Tab Complete your way to Greatness

You know the code you want to write, but you just can’t seem get it out. You’re unfamiliar with the library you’re using, but you roughly know what it’s suppose to do. Maybe you’re programming in a new language. We’ve all been there. It’s what’s preventing you from busting through the resistance and getting where you want to go.

You remember the days of when you started programming. You didn’t know any better. You Googled, copied code, tried it, got an error, and tried again. You’re so much smarter than back then, what’s stopping you? Is it your big brain that is getting in the way?

The good news is our AI overlords are here. You don’t have to know anymore. Type in a comment, invoke Copilot, cycle through some suggestions, edit it to be correct, and move on. Seriously, if you haven’t tried Copilot you’re missing out.

I recently picked up Elixir. I had watched all the conference talks. I knew all the high level ideas of what makes the language great, and roughly what it looks like in practice. Yet, it wasn’t Python. You see I know the Python standard library inside out. I’ve been using it for the last 12 years. When it came to implementing something in Elixir, however, I’d struggle with remembering functions and syntax. I’d lose my attention before I could get that first dopamine hit of seeing working code. I had so many false starts. Then I installed Copilot.

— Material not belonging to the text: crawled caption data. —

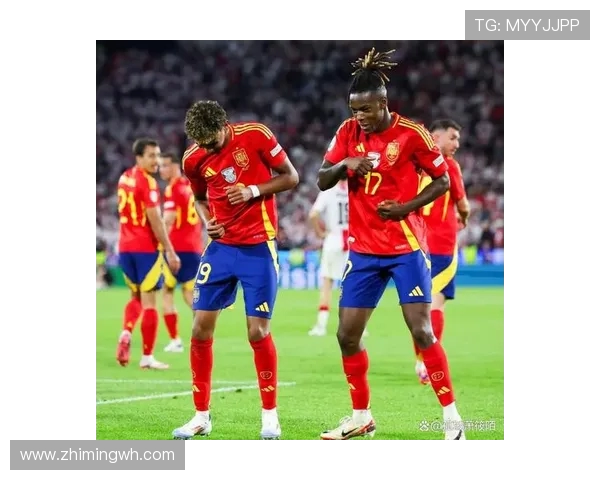 莫雷托:巴萨重启尼科 - 威廉斯追逐,6200 万欧解约金成最后障碍(3) 莫雷托:巴萨重启尼科 - 威廉斯追逐,6200 万欧解约金成最后障碍(3)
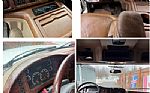 2006 M2 Sport Chassis Ranch Hauler Thumbnail 10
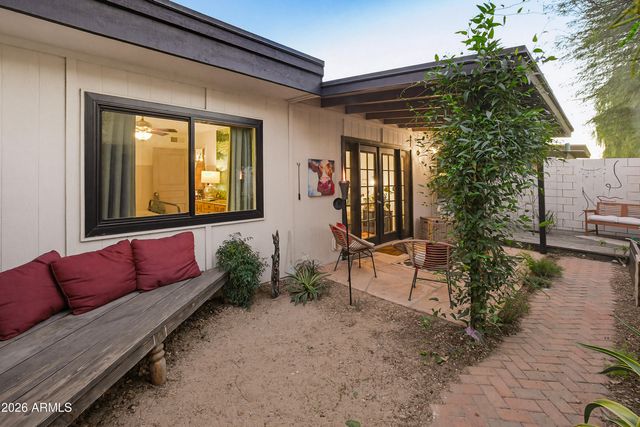 2506 E VILLA MARIA Drive, Phoenix, AZ 85032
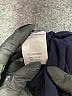 Blue Rain 100% Rayon Blue Casual Dress Size S - photo 8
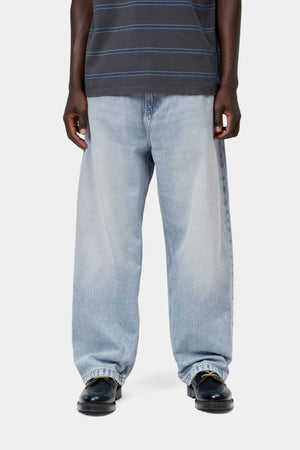 Brandon Pant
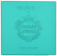 <b>JARGAR STRINGS</b> - G-3rd Medium Young Talent 1/2 (Cello)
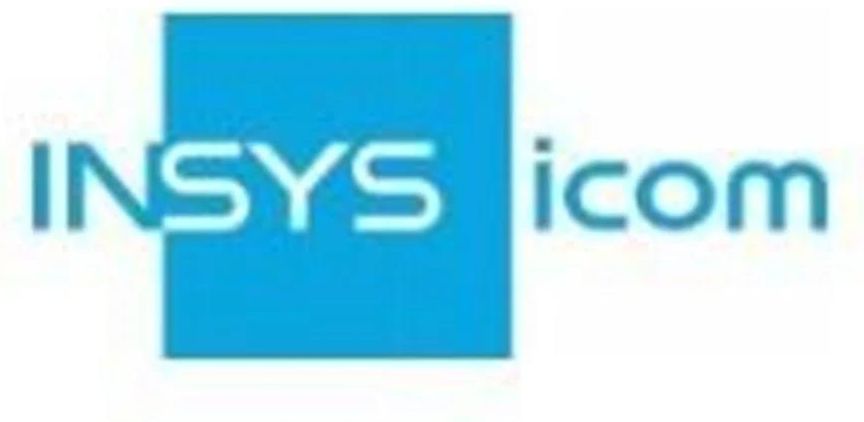 Insys Icom Router Management Ceny I Opinie Na Ceneo Pl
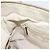 Borsa GUCCI GG Canvas Sukey 2way Beige Gold 247902 Auth 201493 D'oro - vista 26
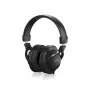 Koptelefoon Behringer BH20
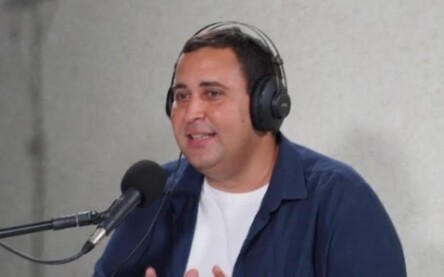 Foto: Ascom PT Bahia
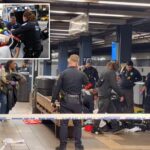 nyc-transit-murders-nearly-double-over-last-year-after-broad-daylight-shooting-at-crowded-midtown-station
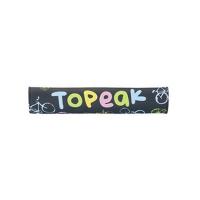 TOPEAK トピーク グラブ バー パッド TPK-S023 | Cycleroad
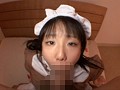純粋無垢な美少女の複数プレイ 3P・4P 十三人 八時間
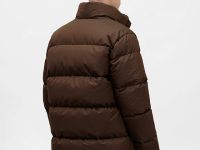 Куртка Downjacket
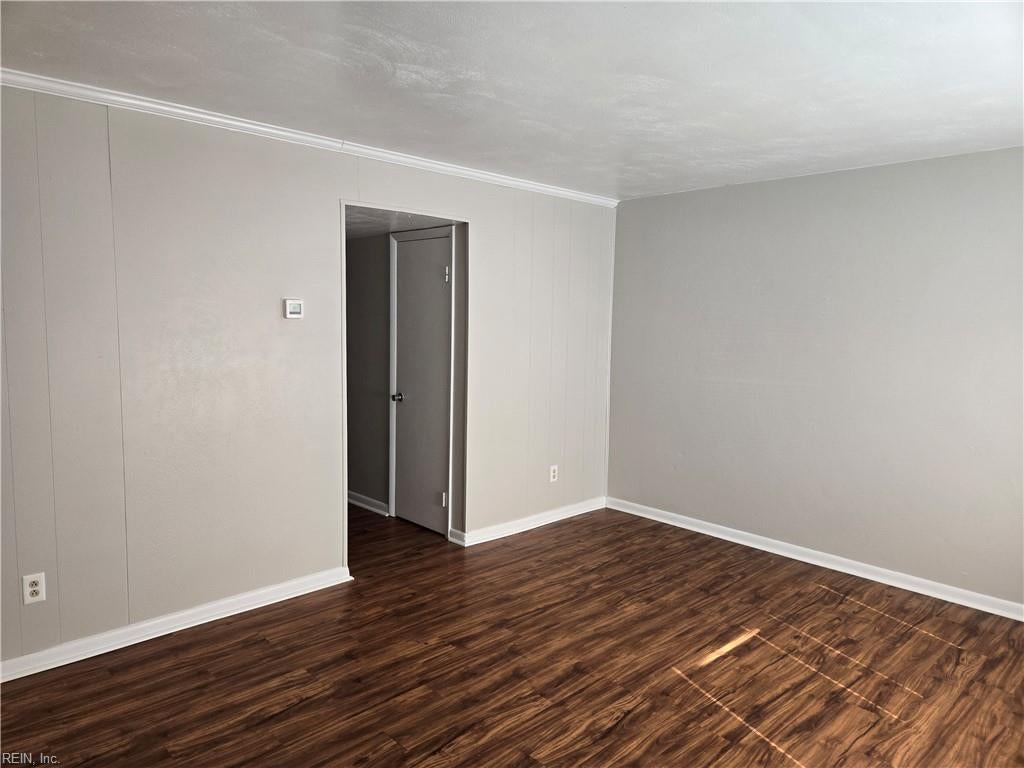 Photo of 5602 Banbury Court, Virginia Beach, VA 23462 (MLS # 10648931)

This thing is amazing, It fills in the syntax where I only remember the concept. A Phoenix form needs a Changeset, which you pass through your Context to your Ecto Repo to execute. Sure I remember that, but what gets passed into what exactly? How do I create a changeset? What’s the Ecto DSL for incrementing a counter again? Just put your cursor where you know the code should go, and Copilot will autocomplete the rest.

At it’s best, on an empty line, Copilot just writes the correct code. At its worst, I have to write a comment and cycle through two to three suggestions. Furthermore, modern NeoVIM (and VSCode) have deep language server integration, so when it does produce incorrect code, the compiler, linter, or type system can catch the errors and give me a sensible enough error message that I can fix it.

Coding these days feels more like mediating a conversation between your Type System and Copilot.

I’ve never experienced something quite like it. The implications of this are going to be big.